*To do:* Take the records below from their first line through the line holding "Come avere l’Albero", and set each of those lines down exactly, without pictures.

Segment Start: Supplied entries

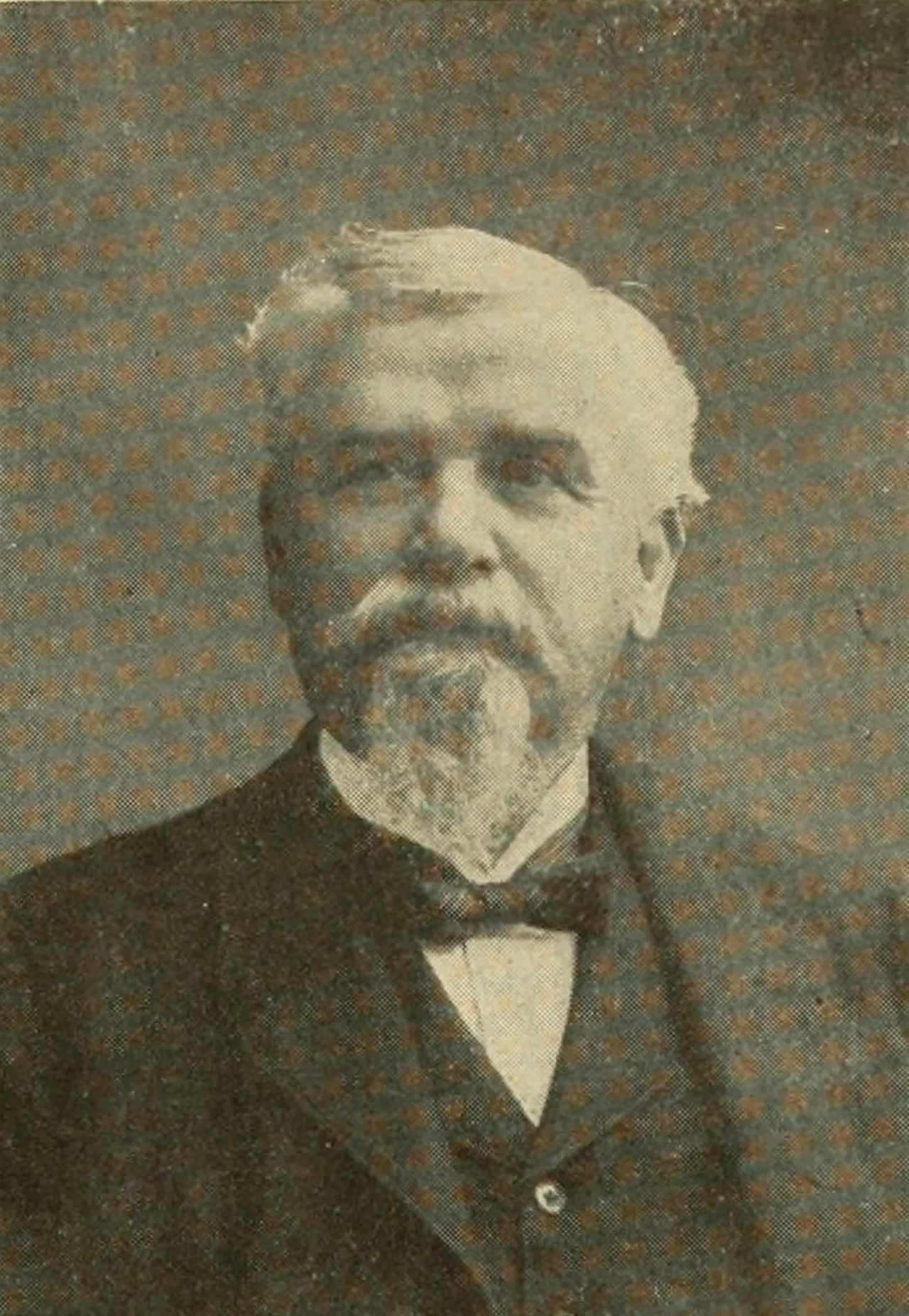 Portrait of Edward Sylvester Ellis (1840–1916) – memorial page
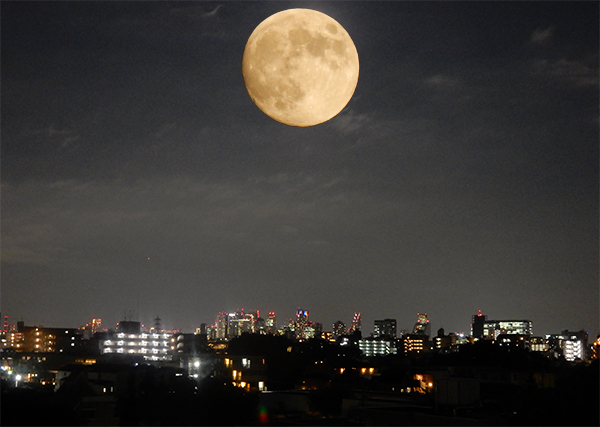素敵な夜をありがとう。合成ですが、月も新宿方面も今晩です。東京・練馬より～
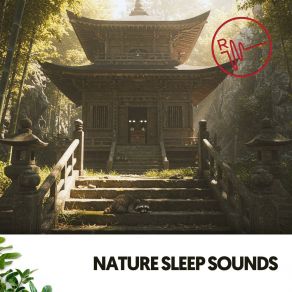 Nature Sleep Sounds: Serene Slumber Symphony album cover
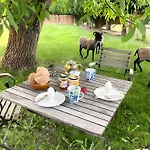 Country house - Schlamau19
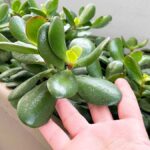 Come avere l’Albero di Giada a Cespuglio anche in Balcone?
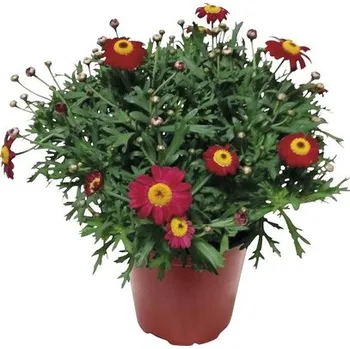 Květináč Kopretinovec dřevnatý FloraSelf Chrysanthemum frutescens výška 10-15 cm květináč Ø 14 cm červený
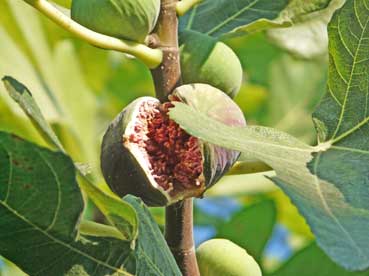 Frische Feigen am Baum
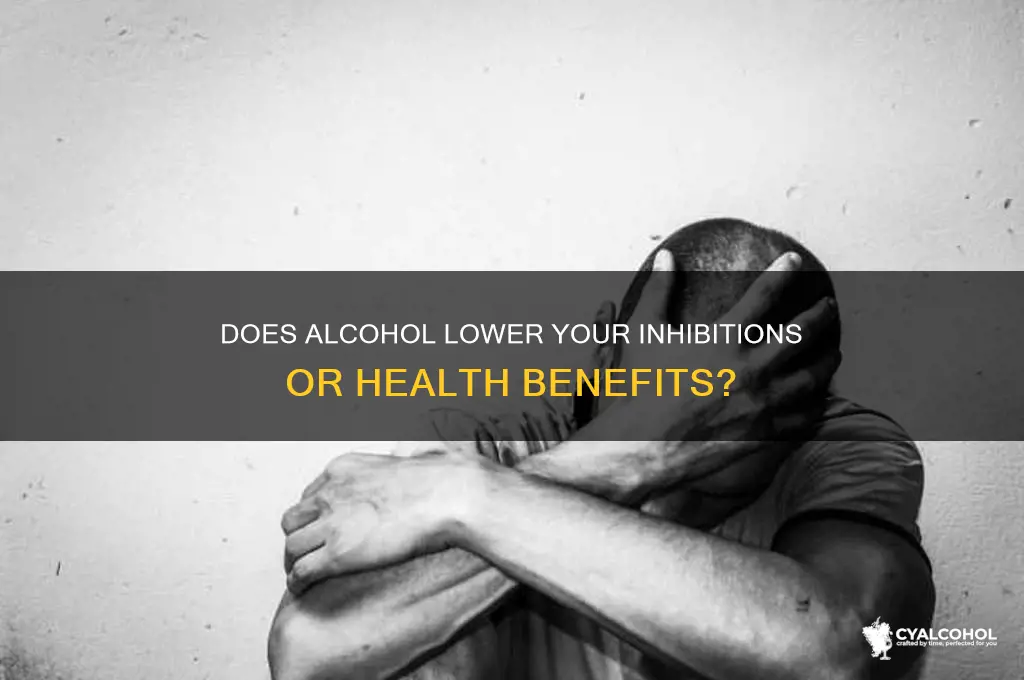does alcohol lower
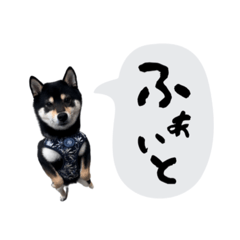 fukukitaru_20250331132201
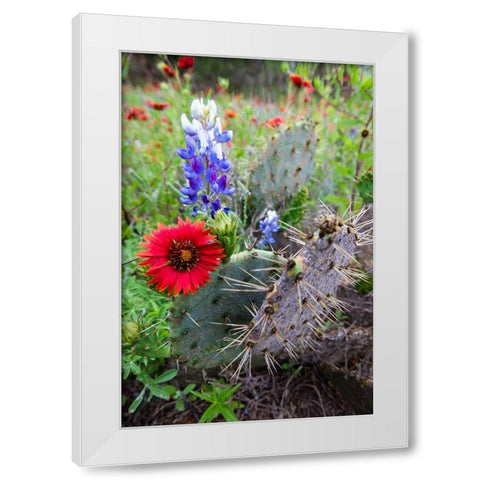Firewheels and Bluebonnets with Prickly Pear Cactus White Modern Wood Framed Art Print by Ditto, Larry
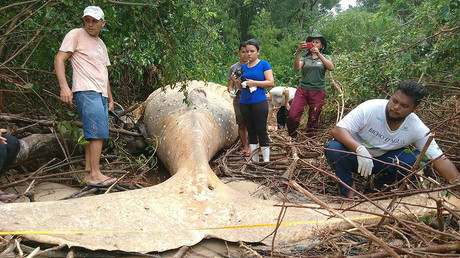 Kadaver von Buckel-Wal am Amazonas verblüfft Biologen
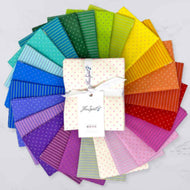 Tula Pink - True Color - Tiny Coordinates - Fat Quarter Bundle
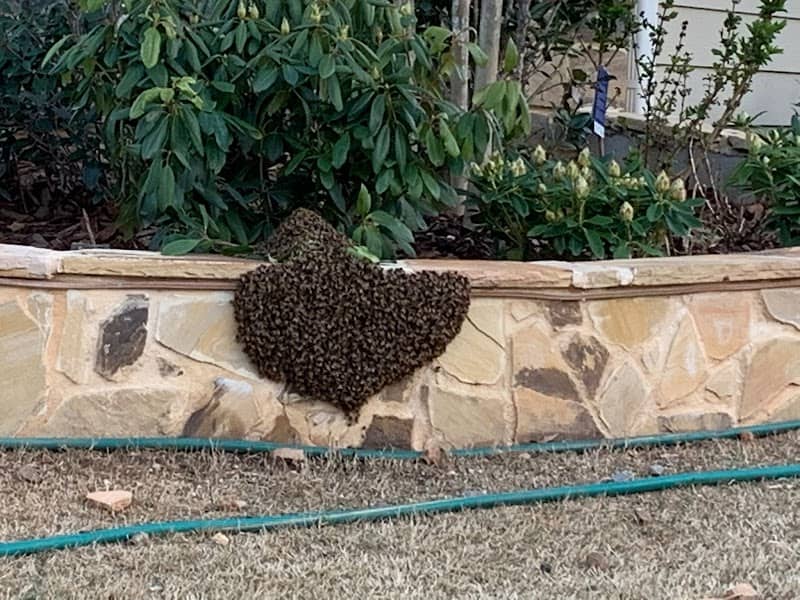 Forsyth Beekeepers Club - Image 1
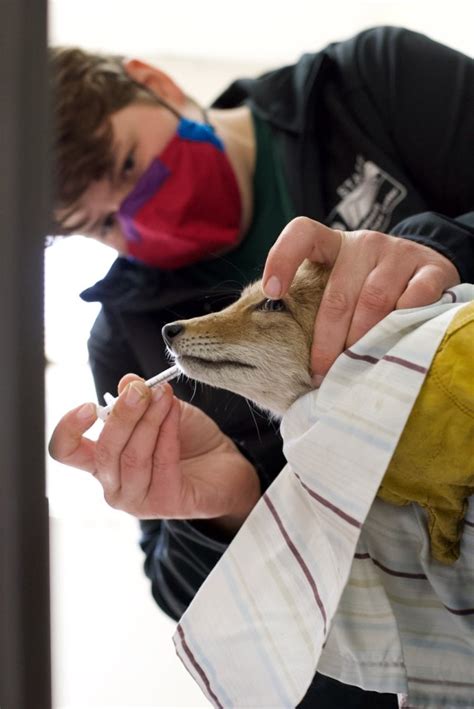 Ethics In Wildlife Rehabilitation A Workshop For Wildlife Rehabilitators Bird Ally X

Segment End: Supplied entries

*Written solution:*
 Portrait of Edward Sylvester Ellis (1840–1916) – memorial page
素敵な夜をありがとう。合成ですが、月も新宿方面も今晩です。東京・練馬より～
 Nature Sleep Sounds: Serene Slumber Symphony album cover
 Country house - Schlamau19
 Come avere l’Albero di Giada a Cespuglio anche in Balcone?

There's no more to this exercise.